EXERCISE DATA below:
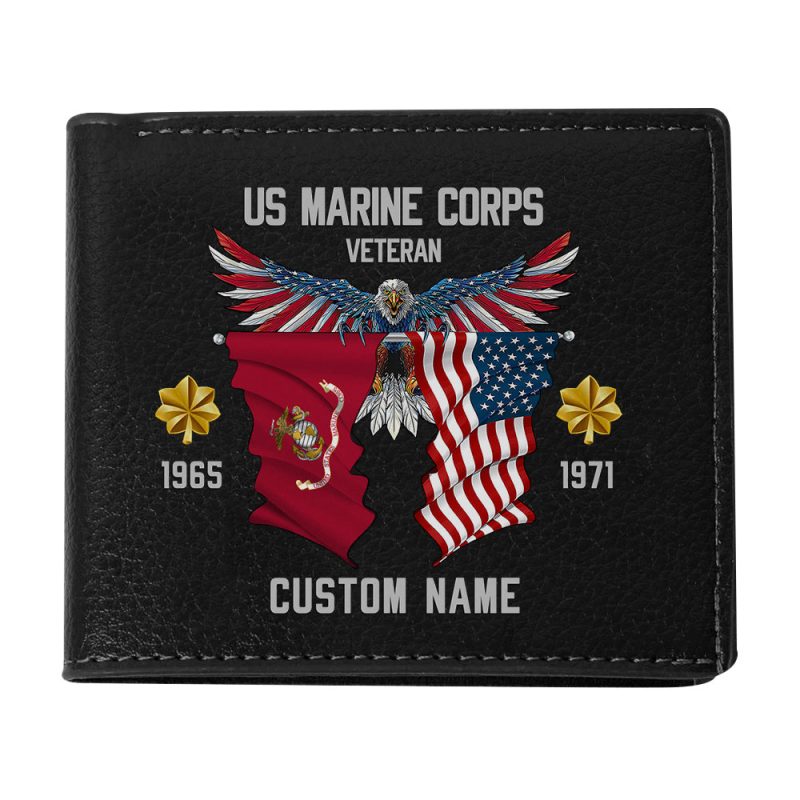 US MARINE CORPS Custom Name and Years Men’s Wallet for Veteran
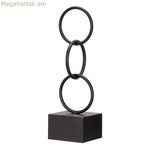 Դեկորատիվ ֆիգուր նվերի դեկոր սև մատանիներ 12,5 x 40,5 x 12,5 սմ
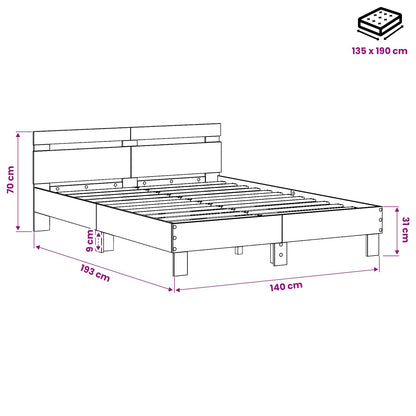 Bed Frame Old Wood 135 x 190 cm Engineered Wood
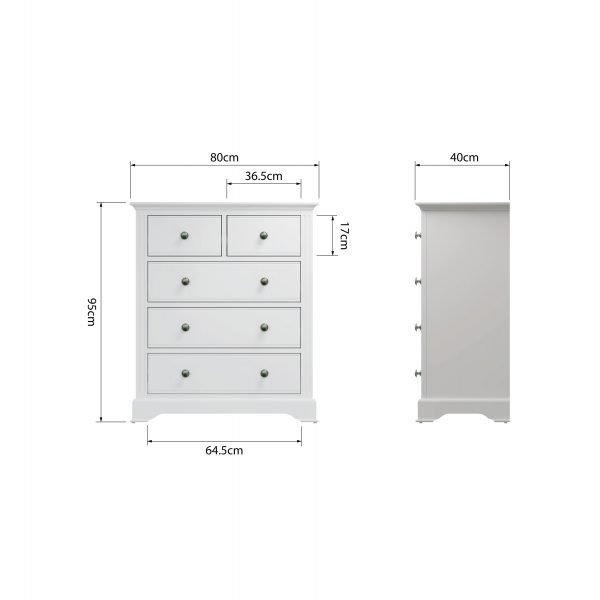 Marcel White 2 over 3 Chest of Drawers dims scaled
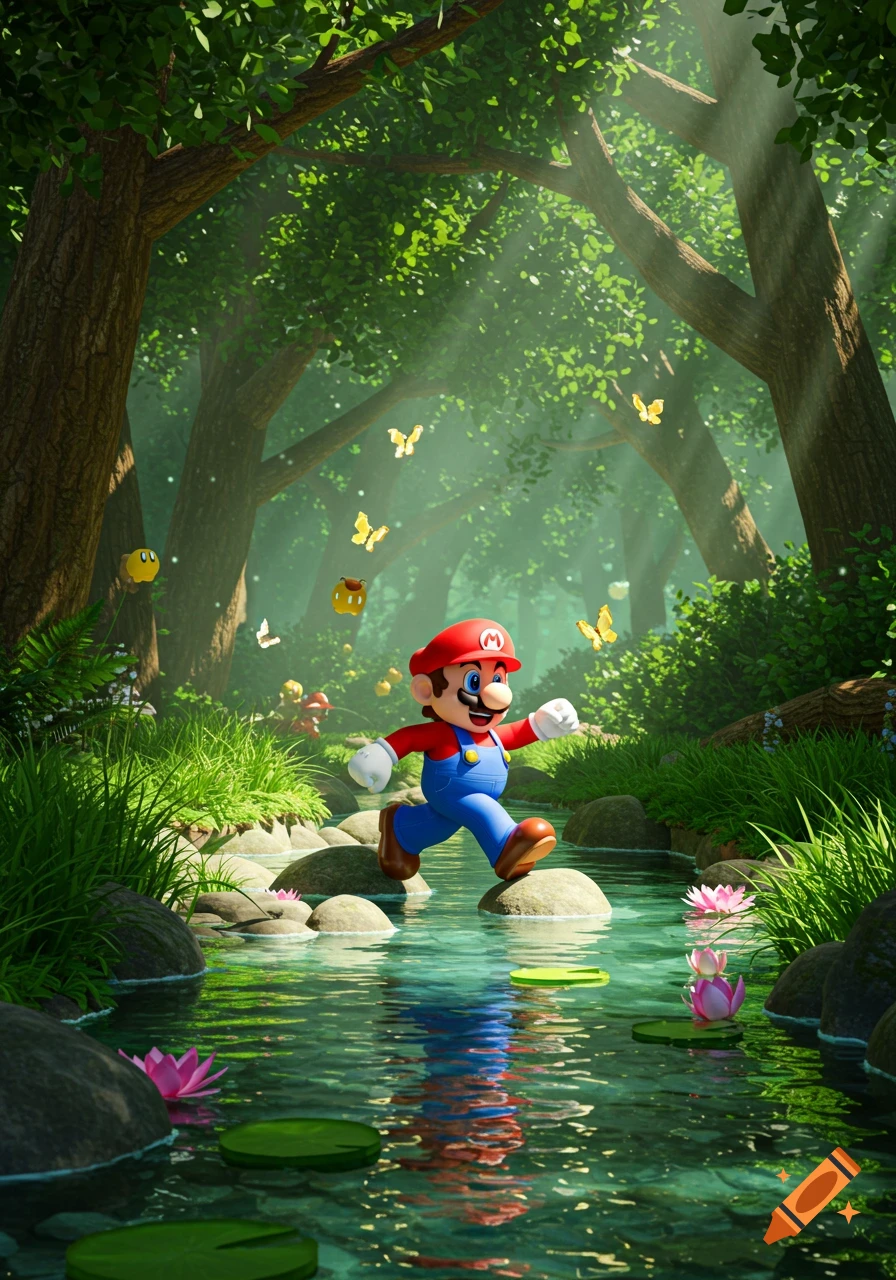 Mario hops across rocks in a shallow river in a lush, sun-dappled forest with butterflies and lotus flowers, 3D render.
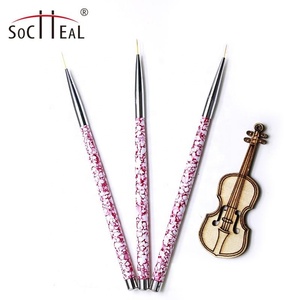 Vente en gros Meilleur Prix Socheal 3Pcs Coloré Marbre <span class=keywords><strong>Acrylique</strong></span> Manche Multifonctionnel Nail Art Liner <span class=keywords><strong>Peinture</strong></span> Dessin Brosse Ensemble - Product Image 3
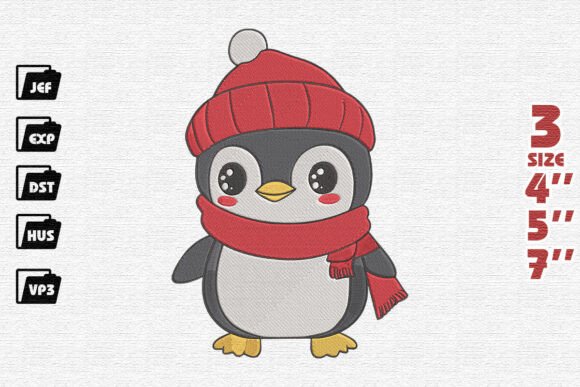 Cute Christmas Penguin in Red Beanie Embroidery Design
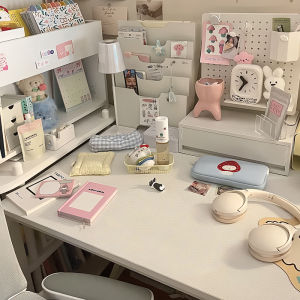 Nordic Style Desktop Organization Box Hole Board Bookshelf Drawer Type No Punching Full Set Display Rack Home Storage Tool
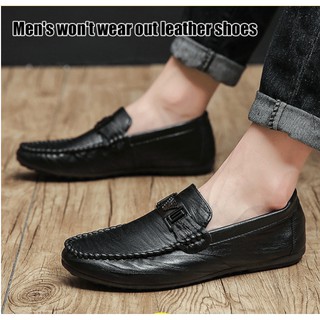 Men's leather Soft sole casual driving shoes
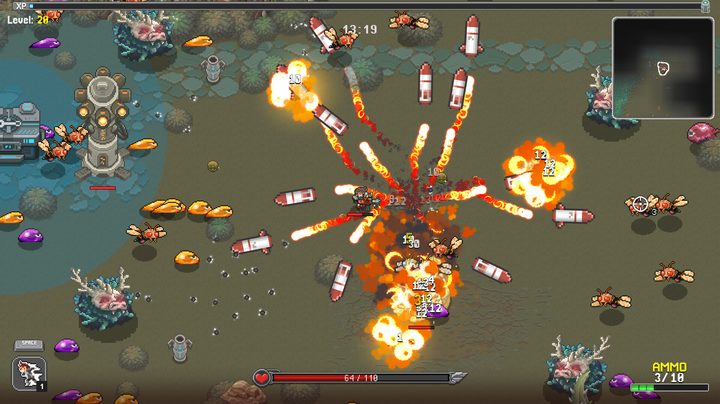 Shooting lots of rockets in Nimrods: GunCraft Survivor.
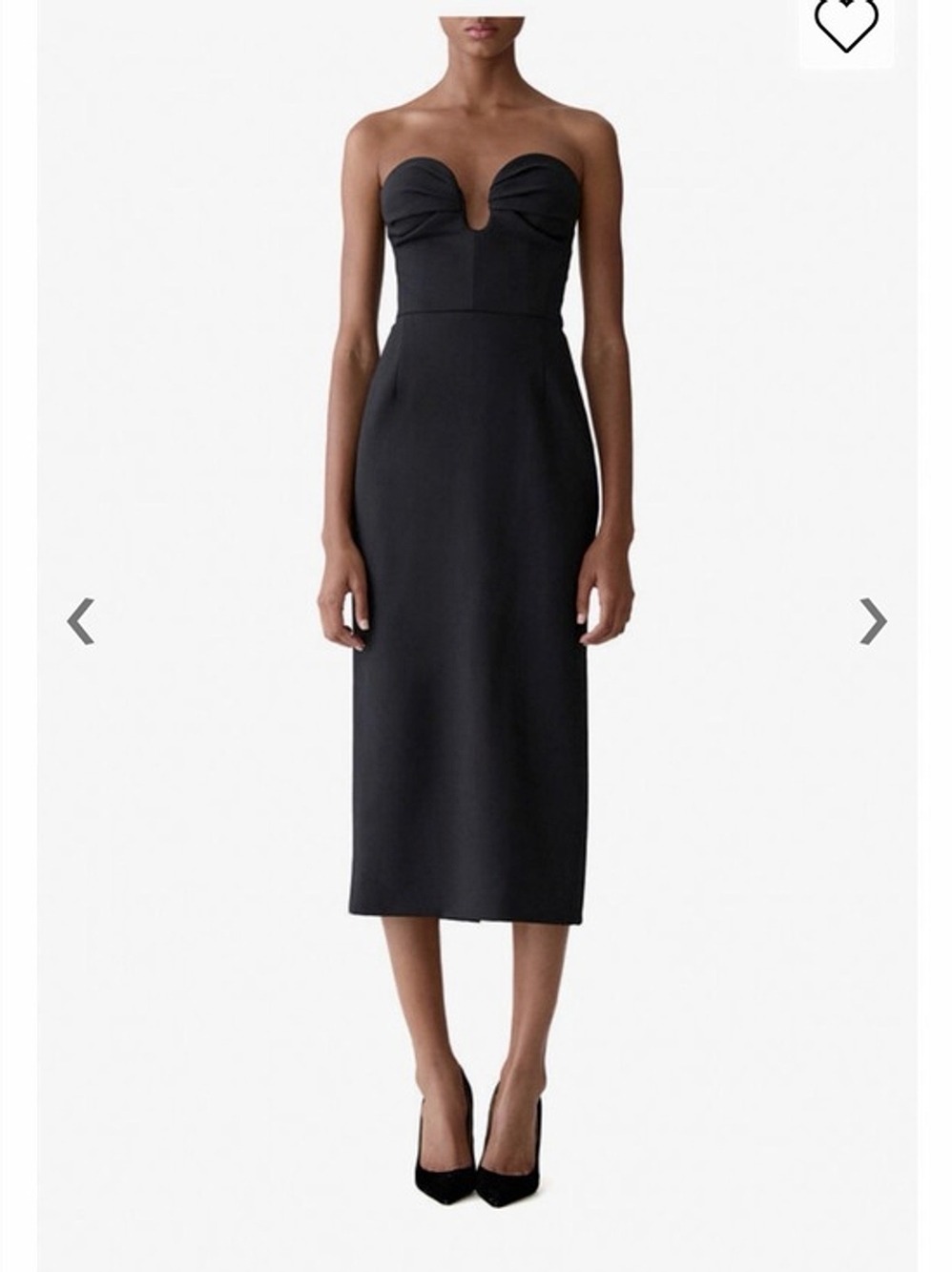 Carolina Herrera Sleeveless Deep U Neckline Midi Dress in Black 0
End of EXERCISE DATA.
• TASK BRIEF: Only the lines from the start of the records to the line with "Mario hops across" belong in the copy. Print them exactly, minus pictures.

• SOLUTION:
 US MARINE CORPS Custom Name and Years Men’s Wallet for Veteran
 Դեկորատիվ ֆիգուր նվերի դեկոր սև մատանիներ 12,5 x 40,5 x 12,5 սմ
 Bed Frame Old Wood 135 x 190 cm Engineered Wood
 Marcel White 2 over 3 Chest of Drawers dims scaled
 Mario hops across rocks in a shallow river in a lush, sun-dappled forest with butterflies and lotus flowers, 3D render.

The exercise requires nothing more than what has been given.